Денисов не отвечал; он подъехал к Пете, слез с лошади и дрожащими руками повернул к себе запачканное кровью и грязью, уже побледневшее лицо Пети.
«Я привык что нибудь сладкое. Отличный изюм, берите весь», – вспомнилось ему. И казаки с удивлением оглянулись на звуки, похожие на собачий лай, с которыми Денисов быстро отвернулся, подошел к плетню и схватился за него.
В числе отбитых Денисовым и Долоховым русских пленных был Пьер Безухов.

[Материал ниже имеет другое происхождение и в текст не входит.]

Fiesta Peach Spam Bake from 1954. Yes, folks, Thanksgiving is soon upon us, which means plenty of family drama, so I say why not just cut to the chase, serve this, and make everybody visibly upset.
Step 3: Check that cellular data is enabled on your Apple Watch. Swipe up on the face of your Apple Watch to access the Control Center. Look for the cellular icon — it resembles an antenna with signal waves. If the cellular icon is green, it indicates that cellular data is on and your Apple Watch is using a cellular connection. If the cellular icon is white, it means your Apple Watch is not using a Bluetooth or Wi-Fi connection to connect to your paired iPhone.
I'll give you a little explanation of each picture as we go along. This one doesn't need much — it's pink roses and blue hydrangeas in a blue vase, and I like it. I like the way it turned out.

О той партии пленных, в которой был Пьер, во время всего своего движения от Москвы, не было от французского начальства никакого нового распоряжения. Партия эта 22 го октября находилась уже не с теми войсками и обозами, с которыми она вышла из Москвы. Половина обоза с сухарями, который шел за ними первые переходы, была отбита казаками, другая половина уехала вперед; пеших кавалеристов, которые шли впереди, не было ни одного больше; они все исчезли. Артиллерия, которая первые переходы виднелась впереди, заменилась теперь огромным обозом маршала Жюно, конвоируемого вестфальцами. Сзади пленных ехал обоз кавалерийских вещей.
От Вязьмы французские войска, прежде шедшие тремя колоннами, шли теперь одной кучей. Те признаки беспорядка, которые заметил Пьер на первом привале из Москвы, теперь дошли до последней степени.

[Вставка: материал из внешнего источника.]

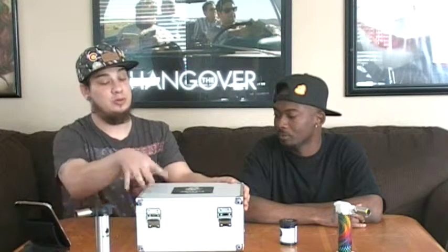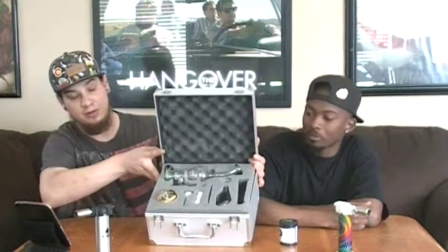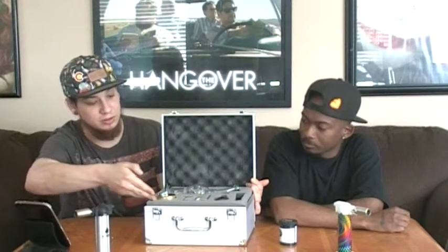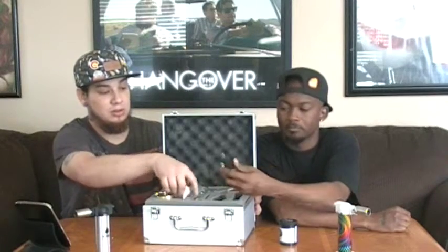First off, you see it comes with this nice little case here — a nice solid aluminum case. Nothing fancy, doesn't come with a lock, so for the parents, you still gotta put it away. Price, I thought, was redonkulously good. $150 — you get a plethora of things. We got our dab rig, grinder, ceramic nail, and torch.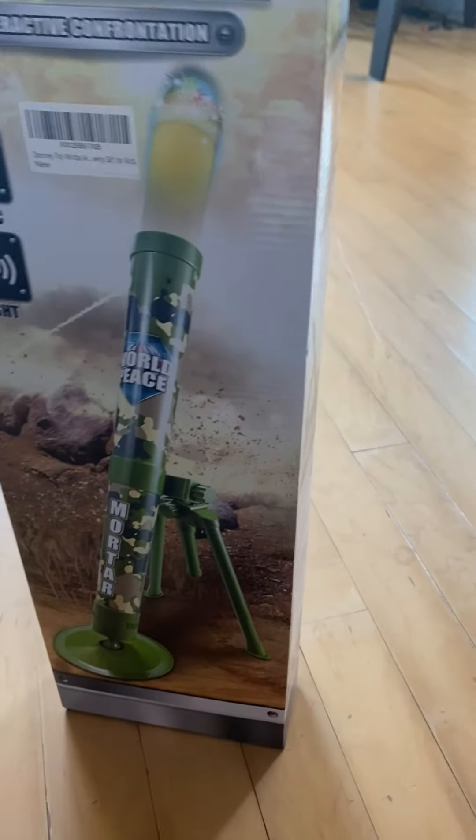Alright guys, so today I actually remembered I'm going to have a package and it's like this point Nerf-ish mortar — it's not by Nerf. So I'm going to show you the contents.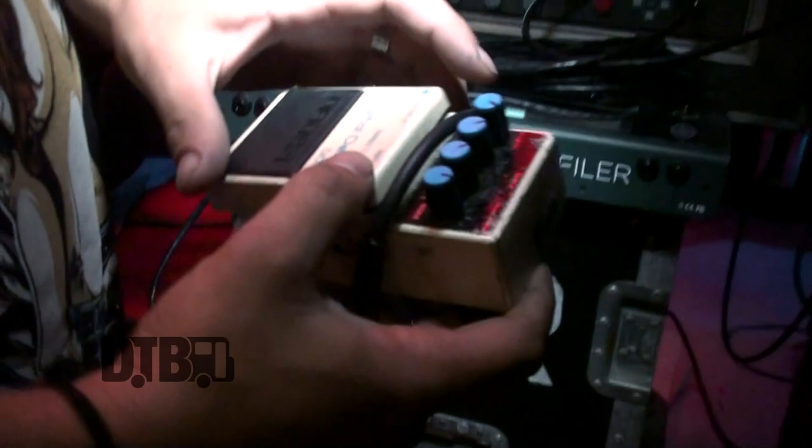Boss chromatic tuner — make sure I stay in tune. And a digital delay pedal, DD3. Gives me a little bit of ambience when I need it. Besides my channel switch, that's pretty much it.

Дорога, по которой они шли, с обеих сторон была уложена мертвыми лошадьми; оборванные люди, отсталые от разных команд, беспрестанно переменяясь, то присоединялись, то опять отставали от шедшей колонны.
Несколько раз во время похода бывали фальшивые тревоги, и солдаты конвоя поднимали ружья, стреляли и бежали стремглав, давя друг друга, но потом опять собирались и бранили друг друга за напрасный страх.

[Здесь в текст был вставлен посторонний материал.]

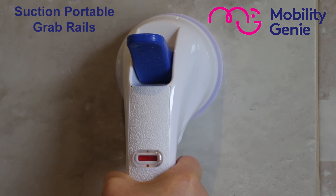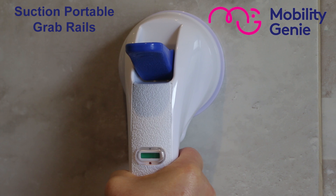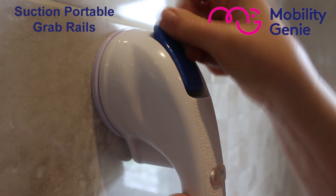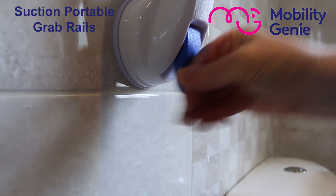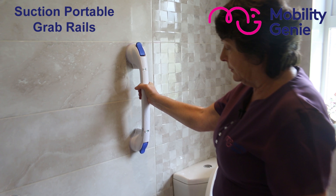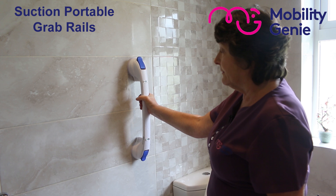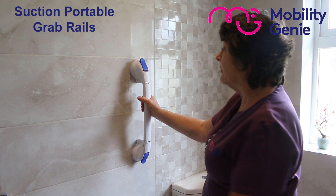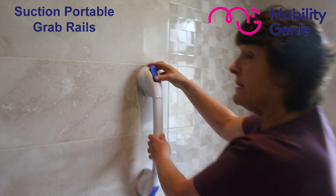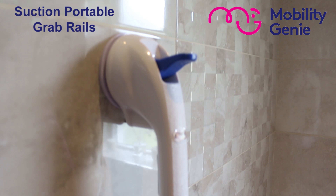Some tiles might be a little bit ridgy, so I'd be careful and test it well. I wouldn't put it where the grout is on the tiles because I don't think you'd get enough adhesion. The two pads that you attach onto the tiles sit against the glass surface, and then you press down your locks.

Эти три сборища, шедшие вместе, – кавалерийское депо, депо пленных и обоз Жюно, – все еще составляли что то отдельное и цельное, хотя и то, и другое, и третье быстро таяло.
В депо, в котором было сто двадцать повозок сначала, теперь оставалось не больше шестидесяти; остальные были отбиты или брошены. Из обоза Жюно тоже было оставлено и отбито несколько повозок. Три повозки были разграблены набежавшими отсталыми солдатами из корпуса Даву. Из разговоров немцев Пьер слышал, что к этому обозу ставили караул больше, чем к пленным, и что один из их товарищей, солдат немец, был расстрелян по приказанию самого маршала за то, что у солдата нашли серебряную ложку, принадлежавшую маршалу.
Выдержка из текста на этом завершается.